I’m trying to implement a custom loss function that is a regularization of the standard cross entropy loss function. Essentially I’m adding a penalty parameter. I was wondering the best way to implement this loss function - as a nn.Module, or just a def myloss() type. I can provide specifications for the function if necessary.

Thanks in advance!

If your custom loss function uses internal parameters or some other arguments, I would use the nn.Module approach as it will properly encapsulate all attributes.
On the other hand you could just define a method, if you are using a pure functional approach.


Thanks for the input! I think I’ll go with the nn.Module approach. If I do this, I shouldn’t need to define a backward function, only a forward, correct?

If you are using PyTorch methods only (no numpy etc.) you can just define forward, as Autograd will automatically create the backward.

Before implementing the RCE (adding penalty parameter), I wanted to make sure my model works with the regular cross entropy function (the RCE required for my model only guarantees smoothness in probability distribution - when penalty parameter is set to 0 in my custom loss, it is the normal CE loss function). However, I don’t believe I have the data in correct format.
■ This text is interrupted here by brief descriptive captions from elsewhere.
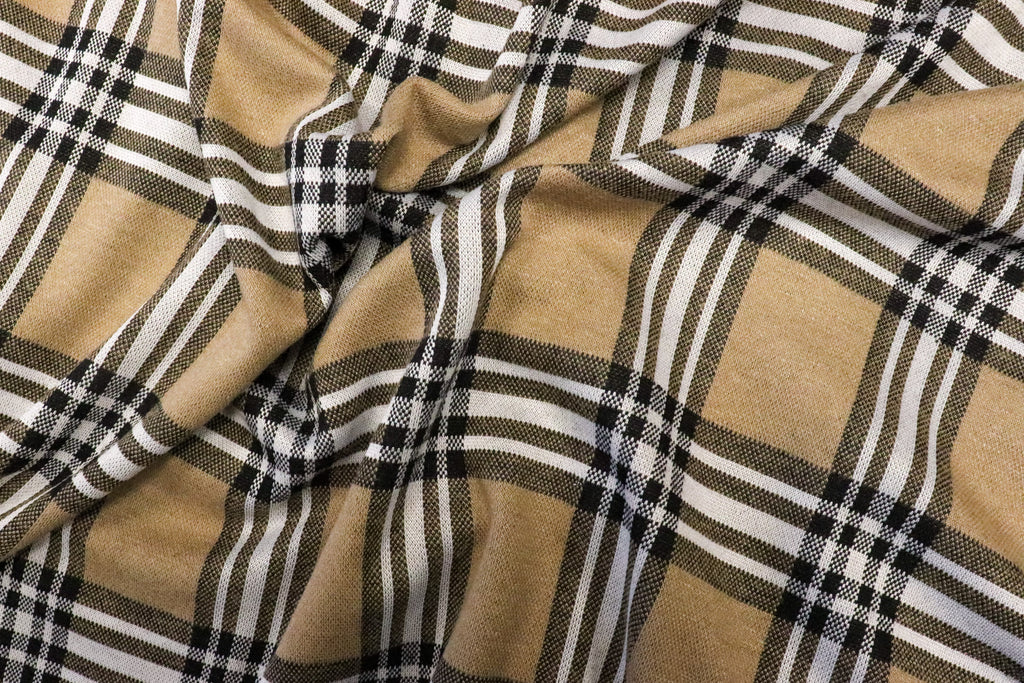 Camel Tartan Jacquard Fabric with Stretch Knit
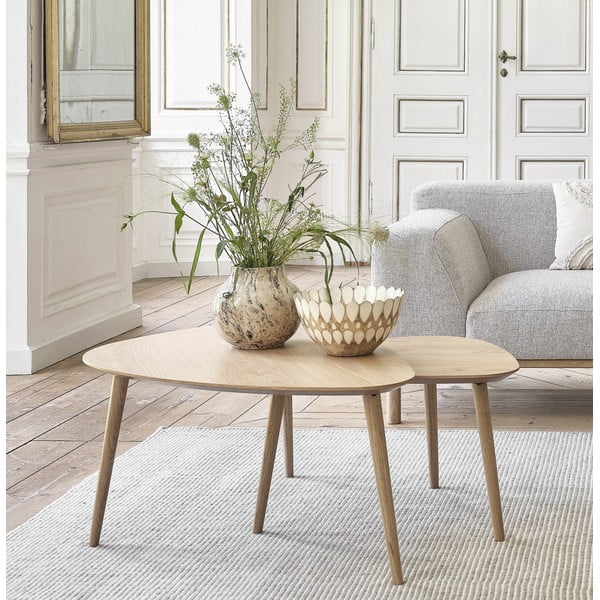 Масички за кафе в комплект от 2 бр. от декор от дъб  в естествен цвят 70x100 cm Adda – Unique Furniture-image-1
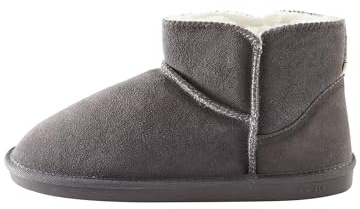 NEXT Damen Standard Hausstiefel aus Veloursleder mit Kunstfellfutter Grau 39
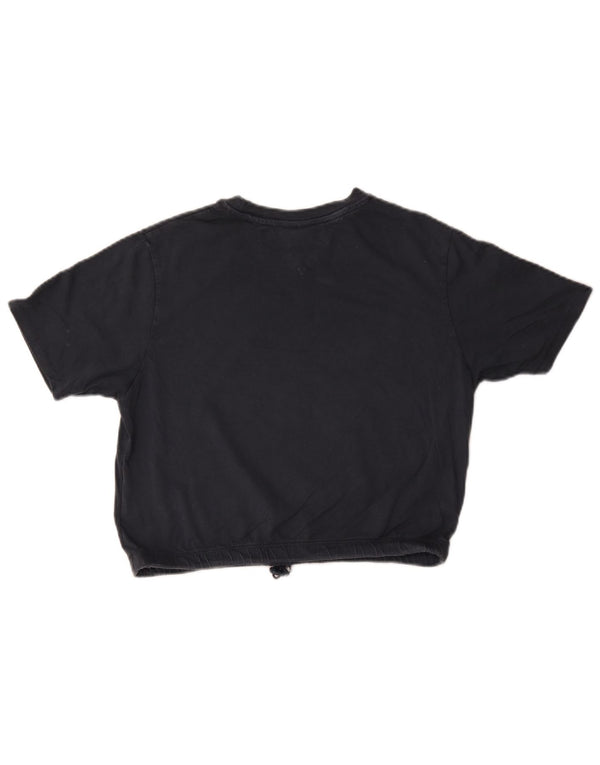 Tommy Hilfiger Camiseta Feminina Crop Graphic Top Reino Unido 10 Pequeno Algodão Azul Marinho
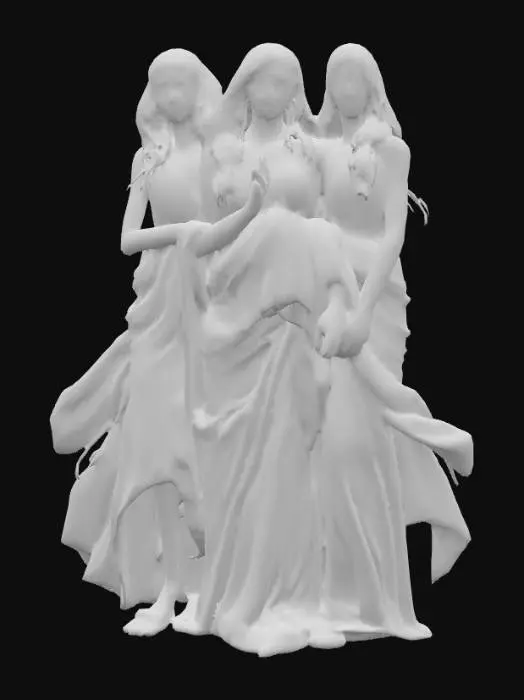 3D model for Highly realistic weavers of fate inspired by Greek mythology. Highly detailed face, hands, feet. Each should have long flowing hair. Each should be dressed in a different color of a deep rich hue.  Ultra high realistic textures on clothing. 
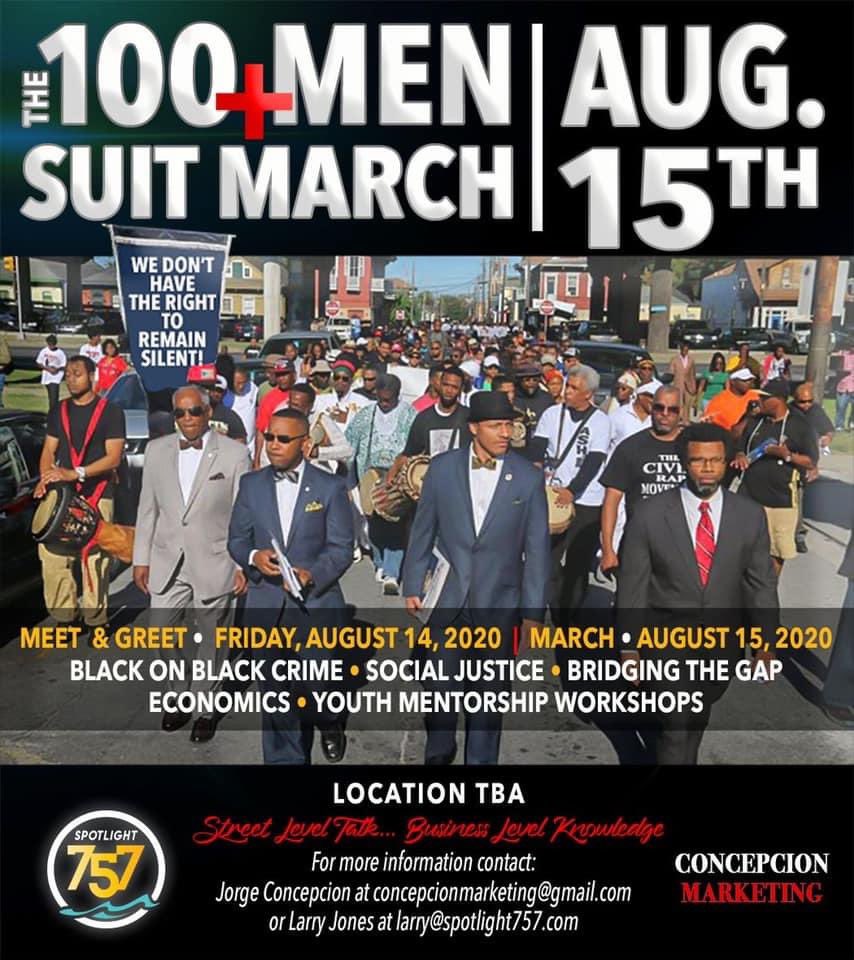 thehatman757's tweet photo. CONCEPCION MARKETING PRESENTS “THE 100 MEN+SUIT MARCH” AUGUST 15TH LOCATION TOO BE ANNOUNCED KEEP POSTED FOR FURTHER DETAILS!!!!!! FOR MORE INFORMATION CONTACT: Jorge Concepcion OR @ghettogovner AT concepcionmarketing@gmail.com OR LARRY JONES AT larry@spotlight757.com https://t.co/CgwkOFcQZp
When calling:

nn.CrossEntropyLoss()(out, target.squeeze())

I get a run time error:

RuntimeError: multi-target not supported at /pytorch/aten/src/THCUNN/generic/

A little background:
My data looks like this:

1.0, 72
0.9741266547569558, 69
0.8379395394315619, 68
0.6586391650305975, 77
0.8268797607858336, 55
0.1315648101238786, 69
0.016174165344821745, 74
0.09840399297894489, 87
0.6690187519456767, 65
0.38906138226255316, 68

The data is representative of: y,C(dy), where y is the output of a defined mathematical function, and C(dy) is the class to which each point should belong. (With this specific data set, I have 144 classes.)

dy is generated by taking y[i+1] - y[i]. The number of classes for the entire data set is:

int(np.floor(abs(dy.amax - dy.amin) / 0.04)).

The 0.04 is just a specified classification ‘bin’ width.

The line before I call the loss function, my out is a tensor of size [20,100], and my target is a tensor of size [20,100] (after a target.squeeze().

Any ideas?

Edit: Fix formatting.

After further investigation, I did not have the correct class. I ended up removing everything relating to numpy and used pure pytorch methods. I fixed the loss using CEL by calling:

loss = nn.CrossEntropyLoss()(out, torch.max(target,1)[1])

However, I’m not quite sure what changing the targets argument actually did.